Problem to work on = Go through the entries and transcribe each one exactly, dropping the pictures.

Data extract =
┄┄┄┄┄┄┄┄┄┄

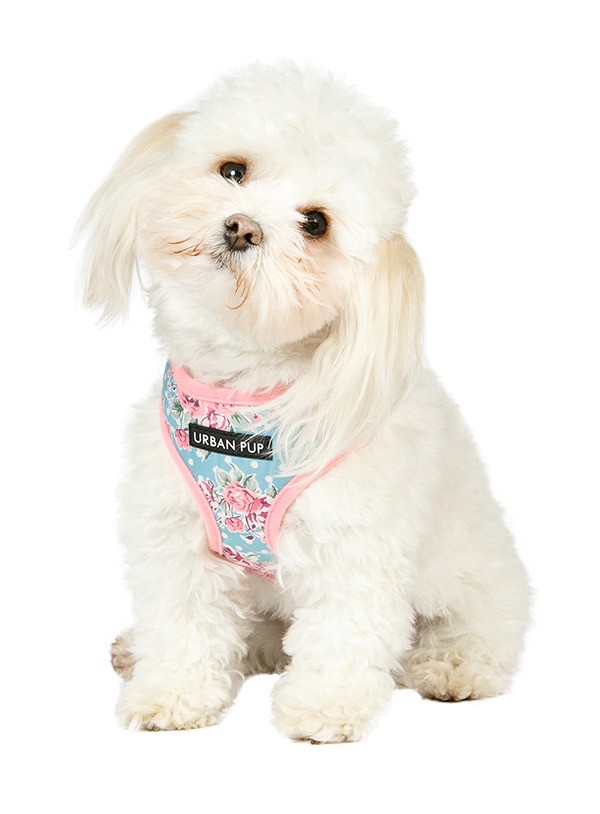 Beschuldiging gemakkelijk Dierbare Urban Pup Hondentuig Vintage Rose Floral - Feniksware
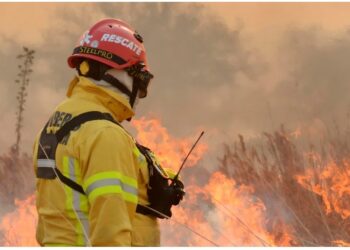 Continúan activos cuatro focos de incendio en Córdoba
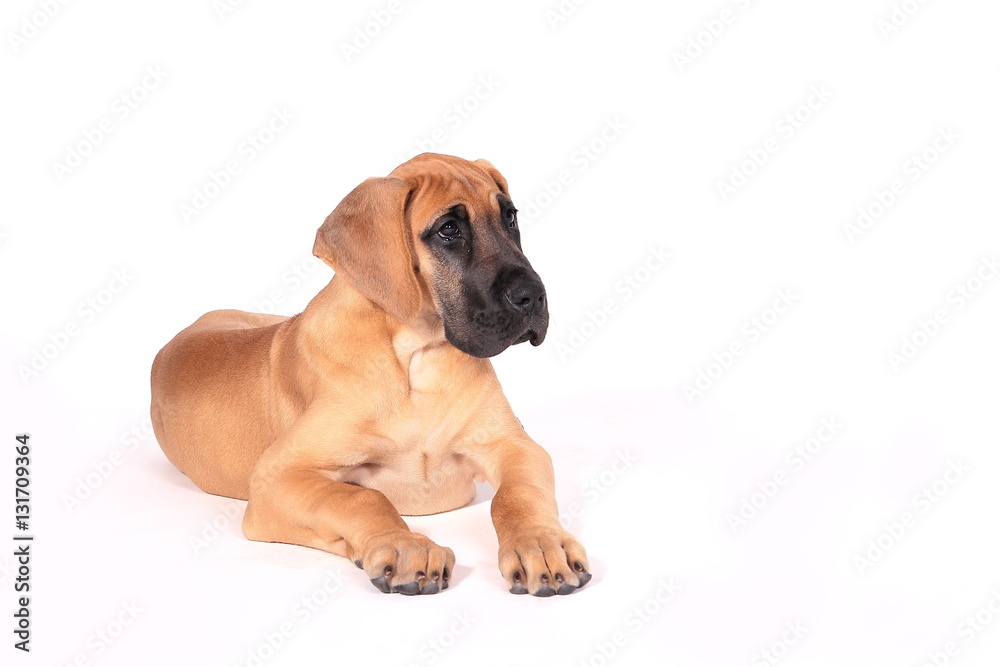 Puppy fawn Great Dane,German breed, in front of white background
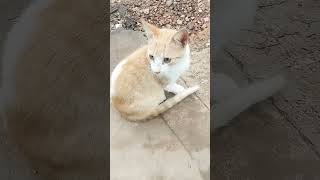 #dog #animais l #youtubeshorts #animals #cat #pets #animais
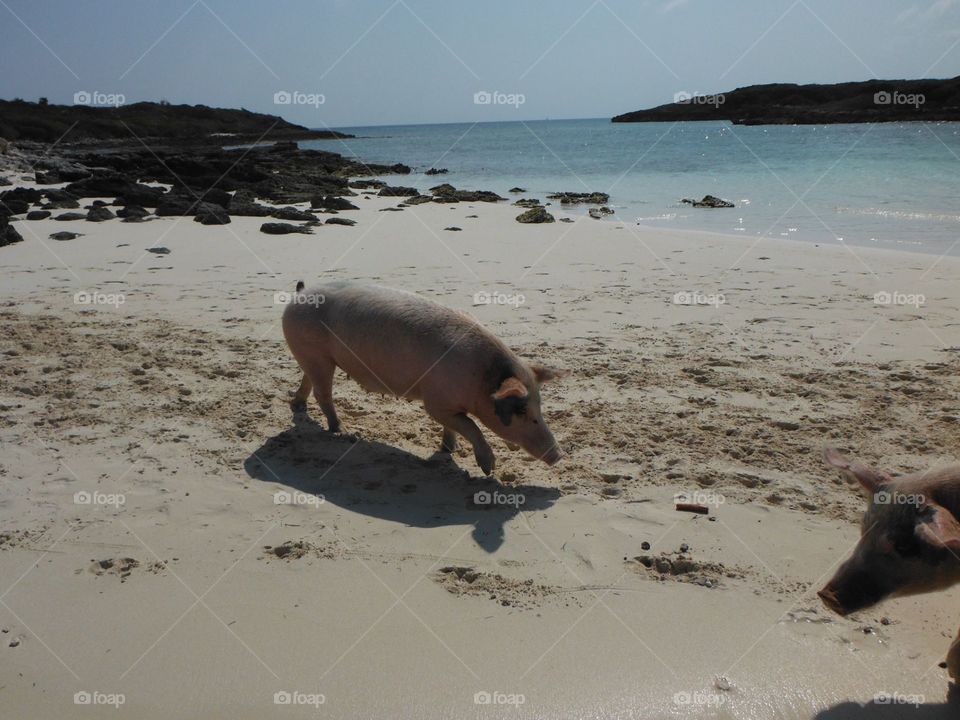 Hog wild for the beach
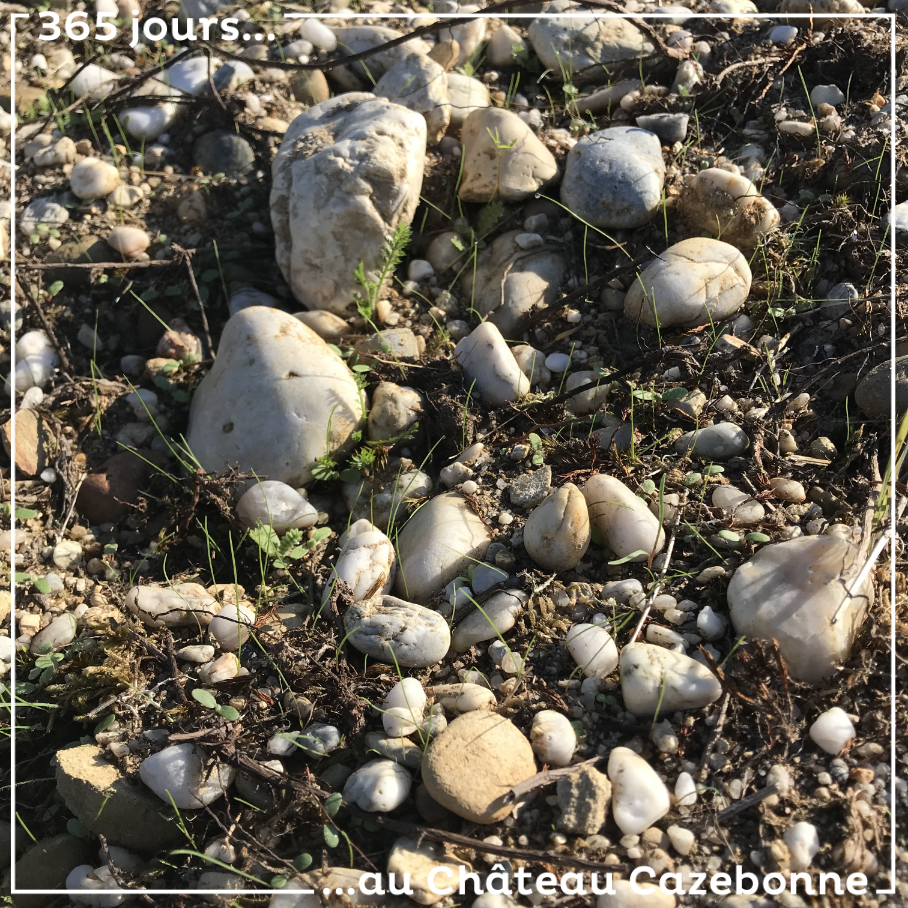 Nous sommes en train de planter une grande haie en bordure de notre parcelle de Cazebonne et en travaillant le sol, nous remontons ces belles Graves. Nous n’avons pas fini de sortir tout le potenti...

┄┄┄┄┄┄┄┄┄┄

Exercise response =
 Beschuldiging gemakkelijk Dierbare Urban Pup Hondentuig Vintage Rose Floral - Feniksware
 Continúan activos cuatro focos de incendio en Córdoba
 Puppy fawn Great Dane,German breed, in front of white background
 #dog #animais l #youtubeshorts #animals #cat #pets #animais
 Hog wild for the beach
 Nous sommes en train de planter une grande haie en bordure de notre parcelle de Cazebonne et en travaillant le sol, nous remontons ces belles Graves. Nous n’avons pas fini de sortir tout le potenti...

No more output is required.